The Space of Joy is a sequence of poems that recounts the endless desire for love (and the failures and compromises that accompany that desire) in a number of writers and musicians who fatally prioritise their art. It begins with Petrarch, who created great lyric poetry out of an impossible infatuation, and moves through Coleridge's self-induced guilt within domestic happiness, Matthew Arnold's disbelief in mutual love, Brahm's self-delusion and the complexities of Wallace Stevens's marriage.

It so happens that both Brahms and Arnold found themselves contemplating their art and their lives in the small Swiss town of Thun, and it is Thun that provides the setting for the wonderful concluding poem of this collection in which Fuller thinks back to his own boyood and his parents' marriage.

If there is any resolution in this sequence of magnificently playful and thought-provoking poems, it is the conviction that while 'poetry may be the only heaven we have', it is life itself that must create the 'space of joy' which art wishes to celebrate.

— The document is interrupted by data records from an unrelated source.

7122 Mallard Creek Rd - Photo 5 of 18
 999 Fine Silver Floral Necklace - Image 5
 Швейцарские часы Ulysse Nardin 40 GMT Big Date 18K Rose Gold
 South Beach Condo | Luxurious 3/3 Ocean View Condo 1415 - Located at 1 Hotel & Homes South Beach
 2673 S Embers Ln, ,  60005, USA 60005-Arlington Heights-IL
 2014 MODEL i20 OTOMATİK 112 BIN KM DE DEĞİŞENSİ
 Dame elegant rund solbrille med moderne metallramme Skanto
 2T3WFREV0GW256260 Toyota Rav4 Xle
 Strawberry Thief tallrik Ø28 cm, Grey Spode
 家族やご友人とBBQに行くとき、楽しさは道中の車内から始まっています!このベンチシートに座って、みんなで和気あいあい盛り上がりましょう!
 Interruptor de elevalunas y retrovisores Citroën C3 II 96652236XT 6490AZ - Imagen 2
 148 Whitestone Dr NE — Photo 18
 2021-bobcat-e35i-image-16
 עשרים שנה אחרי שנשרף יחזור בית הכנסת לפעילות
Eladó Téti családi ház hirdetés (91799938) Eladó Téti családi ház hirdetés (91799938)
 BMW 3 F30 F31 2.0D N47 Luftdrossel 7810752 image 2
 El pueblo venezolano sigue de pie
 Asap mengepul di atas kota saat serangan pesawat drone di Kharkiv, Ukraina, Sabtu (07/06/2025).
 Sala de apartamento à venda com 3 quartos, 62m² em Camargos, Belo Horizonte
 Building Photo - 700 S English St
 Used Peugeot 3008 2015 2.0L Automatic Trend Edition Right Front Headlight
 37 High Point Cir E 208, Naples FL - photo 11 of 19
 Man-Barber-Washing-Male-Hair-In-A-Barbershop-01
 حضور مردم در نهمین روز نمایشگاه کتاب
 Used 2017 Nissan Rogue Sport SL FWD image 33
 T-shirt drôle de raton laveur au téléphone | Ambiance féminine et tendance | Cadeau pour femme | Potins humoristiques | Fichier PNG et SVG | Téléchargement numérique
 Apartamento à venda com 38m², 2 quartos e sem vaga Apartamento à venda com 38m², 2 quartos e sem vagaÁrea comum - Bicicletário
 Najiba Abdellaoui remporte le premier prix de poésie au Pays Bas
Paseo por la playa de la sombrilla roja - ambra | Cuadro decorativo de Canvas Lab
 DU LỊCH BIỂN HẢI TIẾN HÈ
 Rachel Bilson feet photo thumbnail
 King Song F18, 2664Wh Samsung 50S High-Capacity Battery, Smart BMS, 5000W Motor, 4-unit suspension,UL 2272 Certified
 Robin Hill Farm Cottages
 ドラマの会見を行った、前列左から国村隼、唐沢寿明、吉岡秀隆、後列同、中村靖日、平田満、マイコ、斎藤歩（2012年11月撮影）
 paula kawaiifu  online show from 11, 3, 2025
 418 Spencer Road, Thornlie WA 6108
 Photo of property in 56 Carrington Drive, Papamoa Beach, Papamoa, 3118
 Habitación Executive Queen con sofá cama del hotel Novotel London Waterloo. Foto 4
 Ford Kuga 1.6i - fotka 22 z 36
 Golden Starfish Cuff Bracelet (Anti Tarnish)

Shortlisted for the Costa Poetry Award.

Reviews

  • Fuller is a wonderfully skilled craftsman and the grace and elegance of his style is at the service of not only a sharp wit and intelligence, but a great depth of feeling
    Sunday Telegraph

About the author

John Fuller

John Fuller, born in Ashford, Kent, is an acclaimed poet and novelist. His collection Stones and Fires (1996) was awarded the Forward Prize; Ghosts (2004) was shortlisted for the Whitbread Award for Poetry; The Space of Joy (2006) was shortlisted for the Costa Poetry Award, and The Grey Among the Green (1988), Song & Dance (2008) and Pebble & I (2010) were all Poetry Book Society Recommendations. His 1983 novel Flying to Nowhere won the Whitbread First Novel Award and was shortlisted for the Booker Prize. He has also written collections of short stories and several books for children. He is an Emeritus Fellow of Magdalen College, Oxford.